Data to use →
++++++

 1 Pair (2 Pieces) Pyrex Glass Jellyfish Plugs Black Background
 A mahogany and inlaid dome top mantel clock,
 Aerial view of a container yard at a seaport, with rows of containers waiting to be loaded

++++++

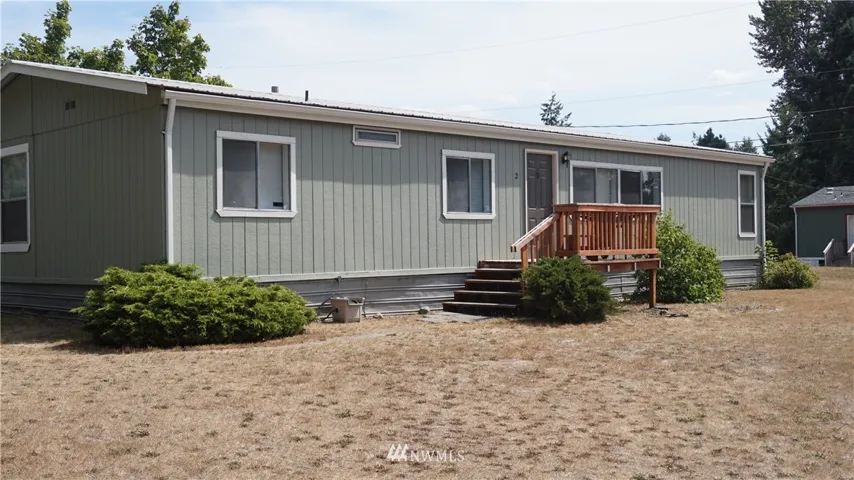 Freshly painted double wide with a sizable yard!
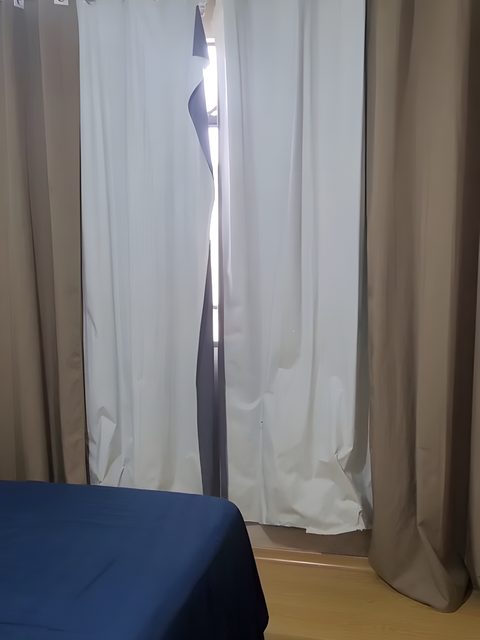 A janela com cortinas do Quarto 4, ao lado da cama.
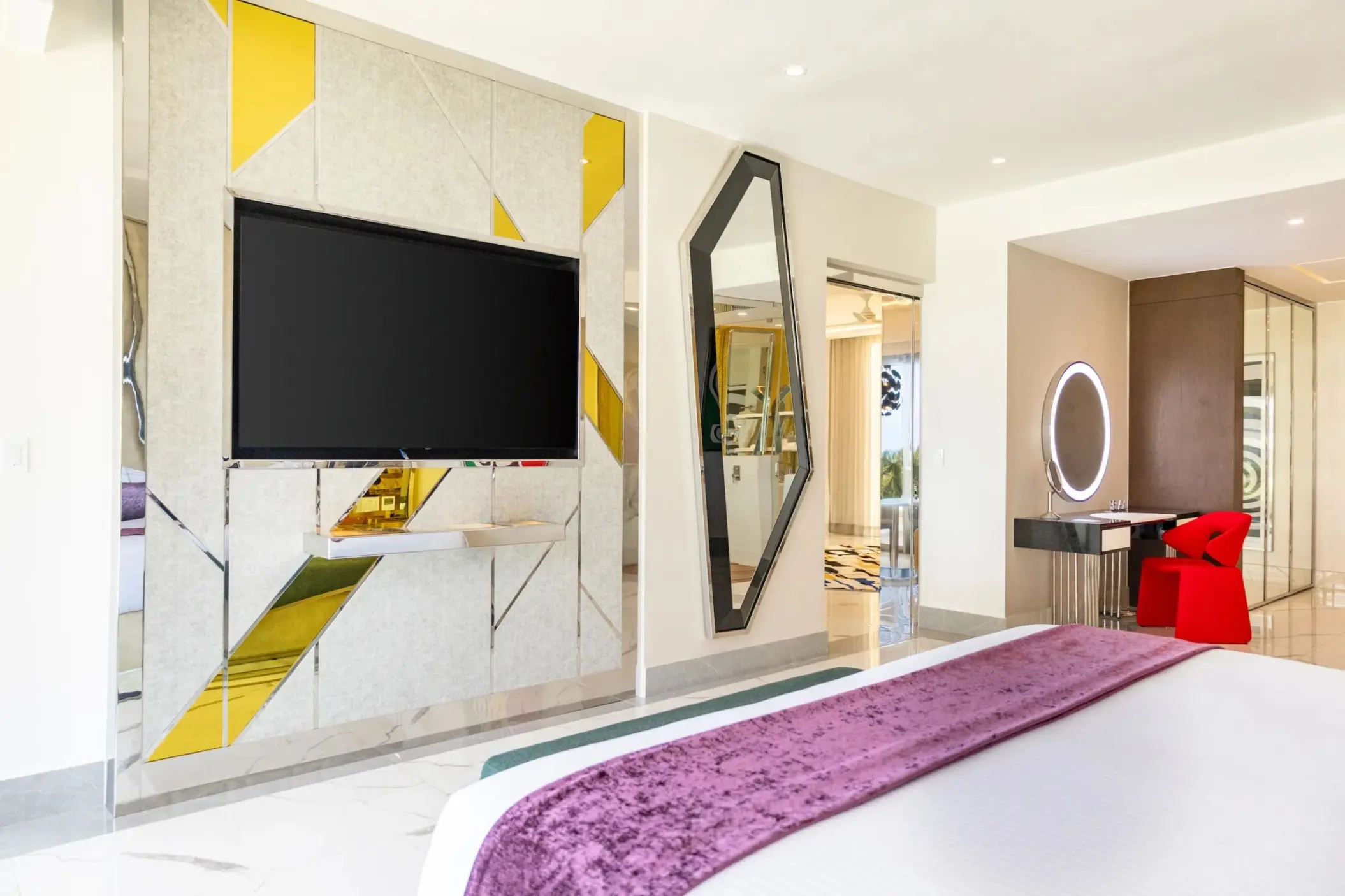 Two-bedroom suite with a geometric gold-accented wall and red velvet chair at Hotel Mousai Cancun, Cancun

++++++

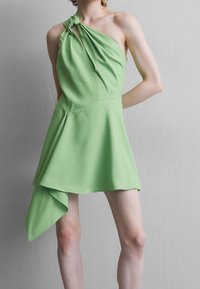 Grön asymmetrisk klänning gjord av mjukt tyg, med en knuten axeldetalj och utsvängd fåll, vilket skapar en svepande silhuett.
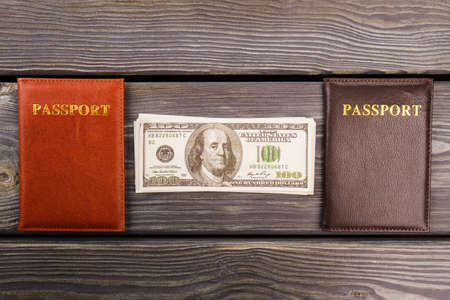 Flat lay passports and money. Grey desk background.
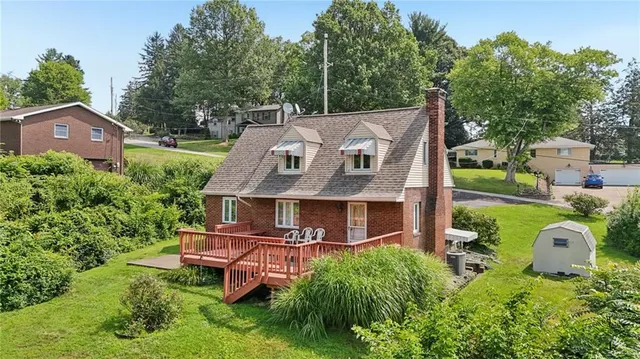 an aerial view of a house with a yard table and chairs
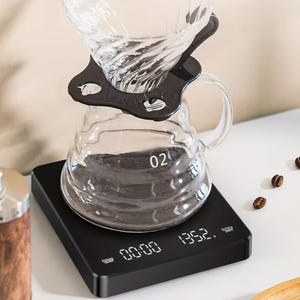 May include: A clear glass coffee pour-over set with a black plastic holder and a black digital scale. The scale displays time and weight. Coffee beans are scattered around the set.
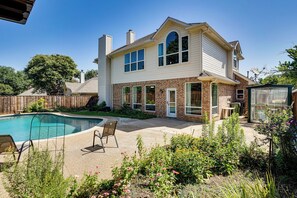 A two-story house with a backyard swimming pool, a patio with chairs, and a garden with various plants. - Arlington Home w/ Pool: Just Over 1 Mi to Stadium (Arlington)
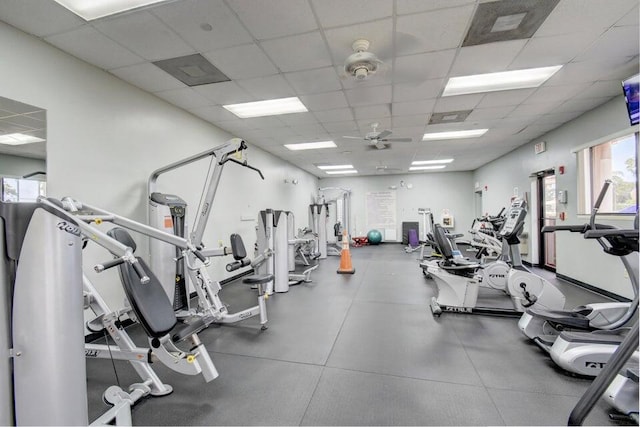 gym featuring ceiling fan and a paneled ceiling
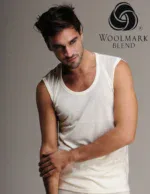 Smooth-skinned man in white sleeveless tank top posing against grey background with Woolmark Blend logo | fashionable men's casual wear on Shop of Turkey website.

++++++

What is being asked → Each line above that falls between the line with "Grön asymmetrisk klänning" and the line with "A two-story house" should be printed exactly, together with those two lines, but the pictures should not.

Solution to this task →
 Grön asymmetrisk klänning gjord av mjukt tyg, med en knuten axeldetalj och utsvängd fåll, vilket skapar en svepande silhuett.
 Flat lay passports and money. Grey desk background.
 an aerial view of a house with a yard table and chairs
 May include: A clear glass coffee pour-over set with a black plastic holder and a black digital scale. The scale displays time and weight. Coffee beans are scattered around the set.
 A two-story house with a backyard swimming pool, a patio with chairs, and a garden with various plants. - Arlington Home w/ Pool: Just Over 1 Mi to Stadium (Arlington)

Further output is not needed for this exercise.